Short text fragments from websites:
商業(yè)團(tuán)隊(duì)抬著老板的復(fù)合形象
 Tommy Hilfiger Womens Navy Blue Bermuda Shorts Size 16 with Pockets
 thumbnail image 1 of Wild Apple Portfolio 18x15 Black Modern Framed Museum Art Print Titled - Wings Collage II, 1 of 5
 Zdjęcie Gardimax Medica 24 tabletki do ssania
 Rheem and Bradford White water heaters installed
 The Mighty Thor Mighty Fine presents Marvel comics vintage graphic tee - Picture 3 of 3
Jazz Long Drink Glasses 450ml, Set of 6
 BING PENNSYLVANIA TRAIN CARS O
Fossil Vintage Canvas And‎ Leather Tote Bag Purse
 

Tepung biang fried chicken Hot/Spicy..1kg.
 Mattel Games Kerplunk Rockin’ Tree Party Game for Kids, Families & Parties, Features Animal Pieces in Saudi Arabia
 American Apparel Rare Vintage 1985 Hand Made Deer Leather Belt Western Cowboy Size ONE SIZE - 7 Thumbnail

THE TASK. What is needed is an exact retyping of every line from the one containing "Jazz Long Drink Glasses 450ml, Set of 6" through the final line of the entries, and only those lines.

WRITTEN RESPONSE.
Jazz Long Drink Glasses 450ml, Set of 6
 BING PENNSYLVANIA TRAIN CARS O
Fossil Vintage Canvas And‎ Leather Tote Bag Purse
 

Tepung biang fried chicken Hot/Spicy..1kg.
 Mattel Games Kerplunk Rockin’ Tree Party Game for Kids, Families & Parties, Features Animal Pieces in Saudi Arabia
 American Apparel Rare Vintage 1985 Hand Made Deer Leather Belt Western Cowboy Size ONE SIZE - 7 Thumbnail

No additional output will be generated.